Indifferenti a Gaza
Il governo italiano reagisce con sdegno agli spari in aria dell’esercito israeliano a Jenin durante una visita di diplomatici, ma non per i 14.000 bambini che stanno morendo a Gaza
L’obiettivo è svuotare il più possibile la Striscia di Gaza. Le autorità israeliane hanno più volte chiarito che la liberazione degli ostaggi ancora in mano a Hamas non cambierebbe l’obiettivo finale. Nemmeno l’allontanamento di Hamas, come previsto da un piano proposto dall’Egitto e rifiutato da Netanyahu, cambierebbe molto la situazione
Lorenzo Kamel
Sembra che qualche sparo in aria in Cisgiordania produca reazioni politiche più immediate e vibranti che 50.000 morti a Gaza.
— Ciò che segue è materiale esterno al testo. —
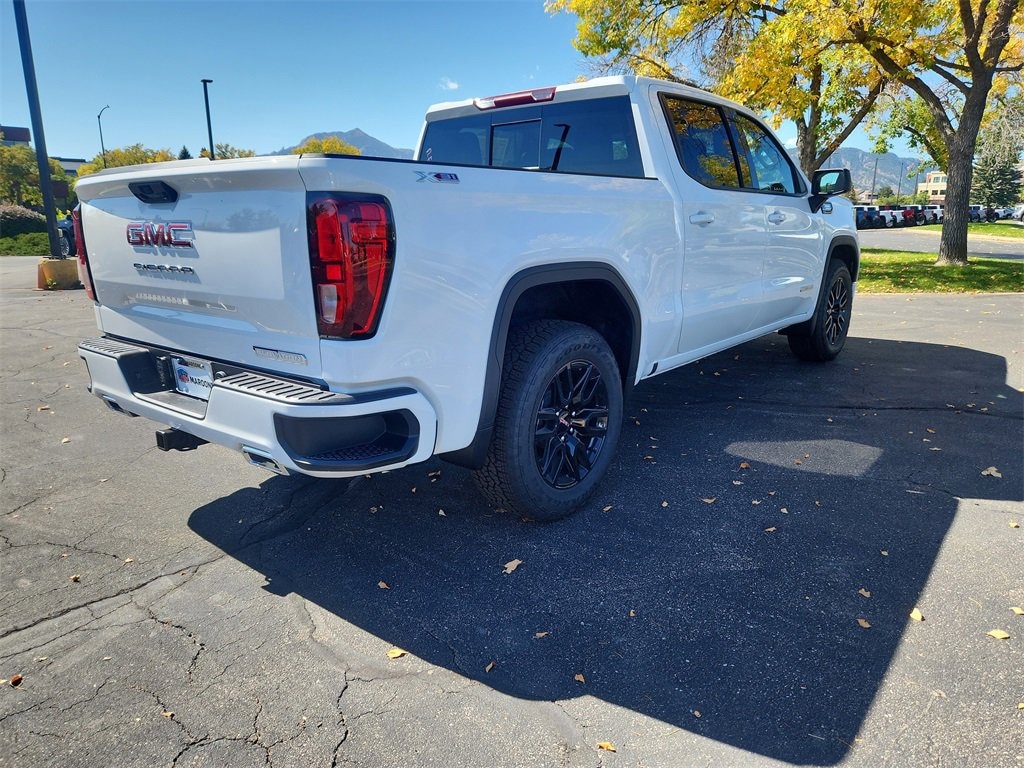 New 2026 GMC Sierra 1500 Elevation Truck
I fatti sembrano essere questi: a Jenin, in Cisgiordania, cioè nella parte di Palestina - diciamo così - a Est, quella funestata dagli insediamenti illegali dei coloni israeliani - c’era una visita diplomatica.
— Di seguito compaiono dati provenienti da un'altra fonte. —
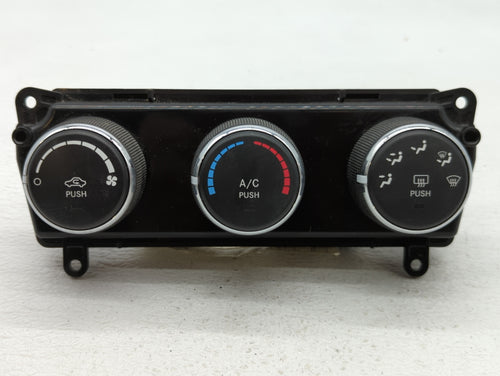 2012 Jeep Compass Climate Control Module Temperature AC/Heater Replacement P/N:P55111278AD Fits 2011 2013 2014 2015 2016 2017 OEM Used Auto Parts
Una delegazione di 25 ambasciatori e diplomatici di tutto il mondo, incluso il viceconsole italiano a Gersualemme Alessandro Tutino.
A un certo punto si sentono degli spari, che echeggiano nei video ripresi e postati sui social: sono soldati dell’esercito israeliano che sparano in aria nel campo profughi di Jenin. I diplomatici si spaventano, il ministro degli Esteri Antonio Tajani subito protesta, chiede a Israele di chiarire “immediatamente l’accaduto” perché “le minacce contro i diplomatici sono inaccettabili.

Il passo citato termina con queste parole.